§ **DIRECTIONS FOR THIS TASK**
If an entry below contains an image, drop the image and retype the rest exactly.

§ **GIVEN INFORMATION**
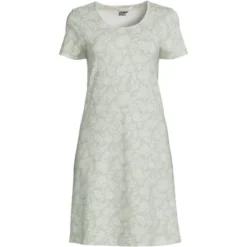 Lands' End Women's Cotton Short Sleeve Knee Length Nightgown -Lands' End Store GUEST d94ea6b5 0bc1 4025 9452 309d4ac825a6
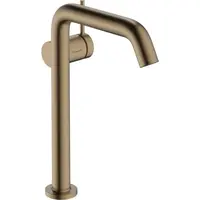 Hansgrohe Tecturis S vysoká umývadlová batéria s clic-clac kartáčovaný bronz 73370140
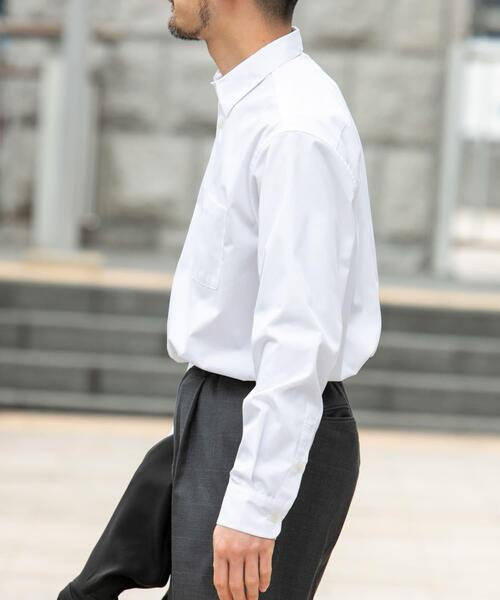 「URBAN RESEARCH ROSSO MEN」 長袖シャツ X-LARGE ホワイト メンズ_画像3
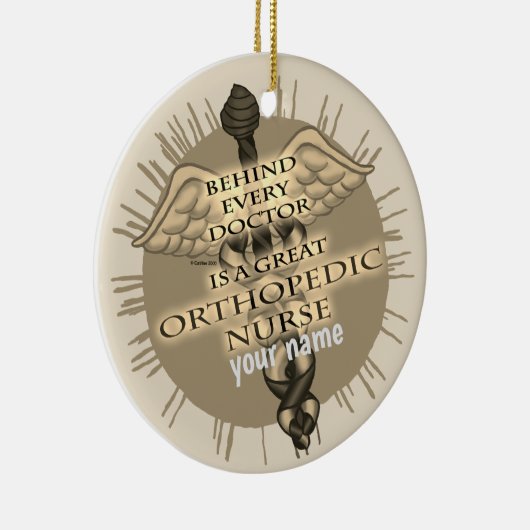 Große orthopädische Krankenschwester Keramik Ornament (Rechts)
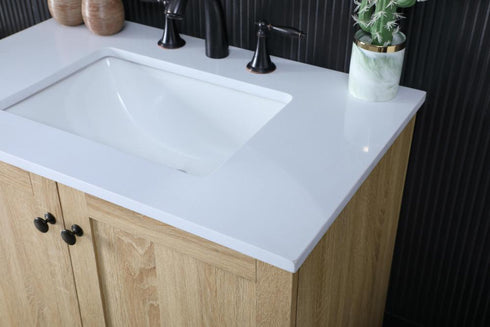 Elegant Lighting Soma 30 inch Single Bathroom Vanity in Mango Wood Model: VF2830MW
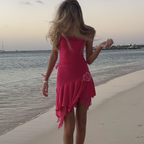 Schickes Pinkes Strandkleid, Süßes Homecoming-Kleid Y2959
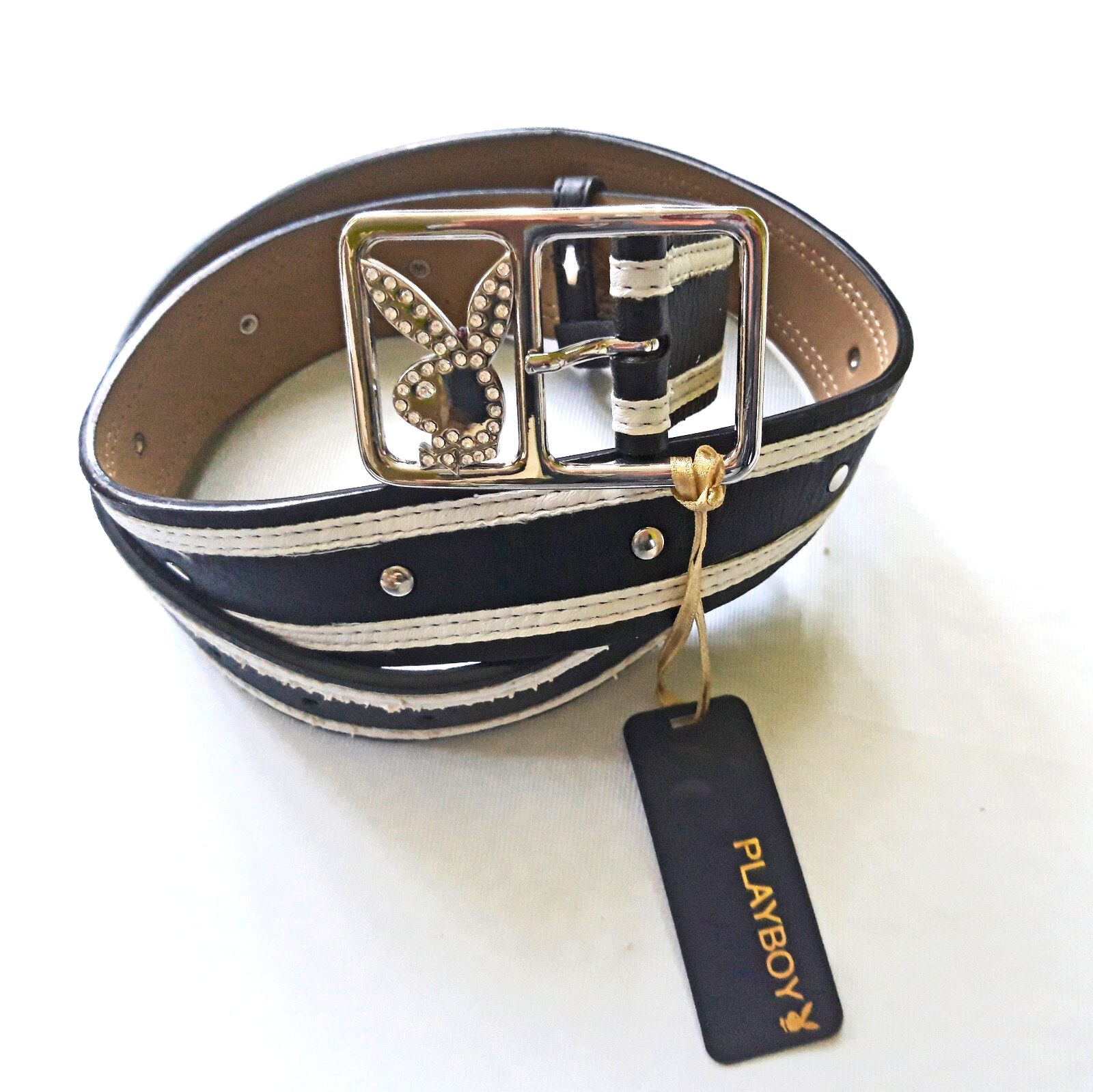 Playboy Gürtel mit Strass Gr.M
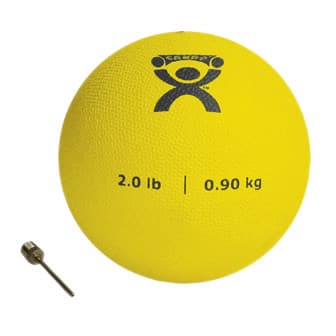 CanDo Soft Pliable Medicine Ball, 5 Inch Diameter, Yellow, 2 Lbs - Image 1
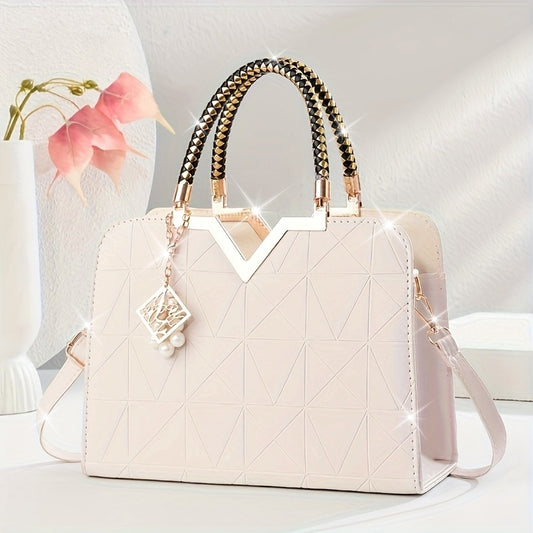 Large Capacity Tote Bag for Women, Stylish New Summer Casual Versatile Shoulder Bag with Premium Texture, Perfect Work Commute Gift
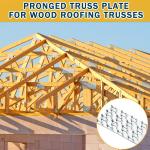 Secure and Mending Plates for Roofing Trusses Wood Timber Connectors in Silver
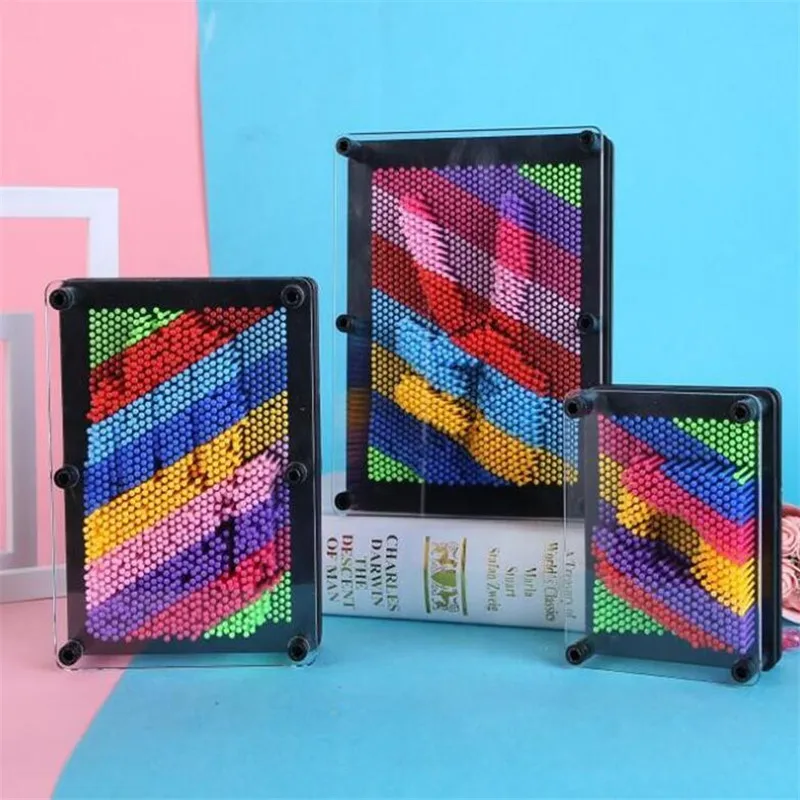 Pin Art 3D Скульптура DIY иглы резьба плесень стол игрушки украшения Hogar Maison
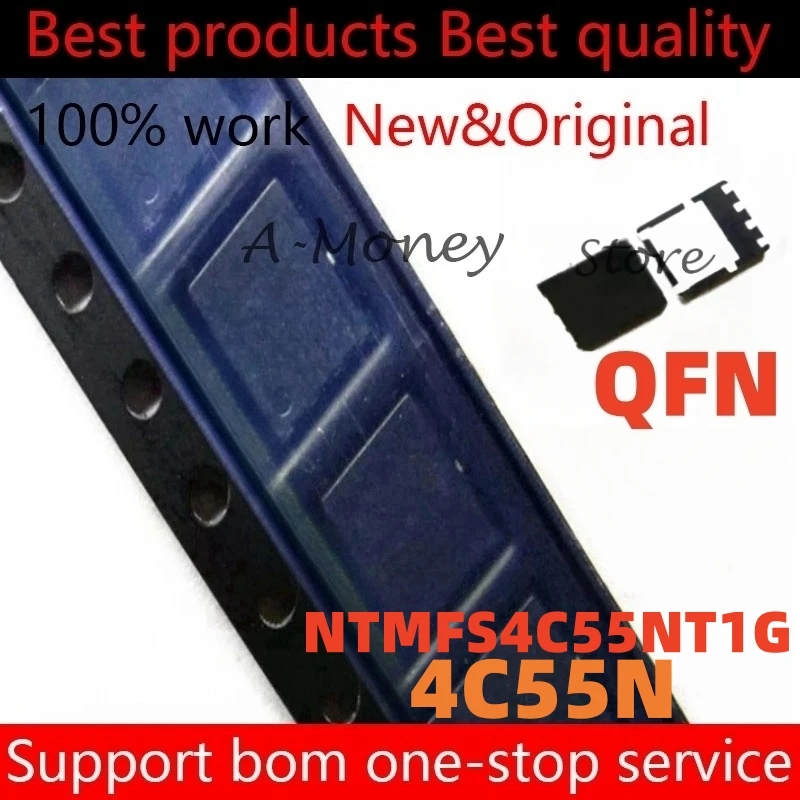 

(5-10pcs)4C55N NTMFS4C55N NTMFS4C55NT1G QFN-8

§ **TASK RESPONSE**
 Lands' End Women's Cotton Short Sleeve Knee Length Nightgown -Lands' End Store GUEST d94ea6b5 0bc1 4025 9452 309d4ac825a6
 Hansgrohe Tecturis S vysoká umývadlová batéria s clic-clac kartáčovaný bronz 73370140
 「URBAN RESEARCH ROSSO MEN」 長袖シャツ X-LARGE ホワイト メンズ_画像3
 Große orthopädische Krankenschwester Keramik Ornament (Rechts)
 Elegant Lighting Soma 30 inch Single Bathroom Vanity in Mango Wood Model: VF2830MW
 Schickes Pinkes Strandkleid, Süßes Homecoming-Kleid Y2959
 Playboy Gürtel mit Strass Gr.M
 CanDo Soft Pliable Medicine Ball, 5 Inch Diameter, Yellow, 2 Lbs - Image 1
 Large Capacity Tote Bag for Women, Stylish New Summer Casual Versatile Shoulder Bag with Premium Texture, Perfect Work Commute Gift
 Secure and Mending Plates for Roofing Trusses Wood Timber Connectors in Silver
 Pin Art 3D Скульптура DIY иглы резьба плесень стол игрушки украшения Hogar Maison

(5-10pcs)4C55N NTMFS4C55N NTMFS4C55NT1G QFN-8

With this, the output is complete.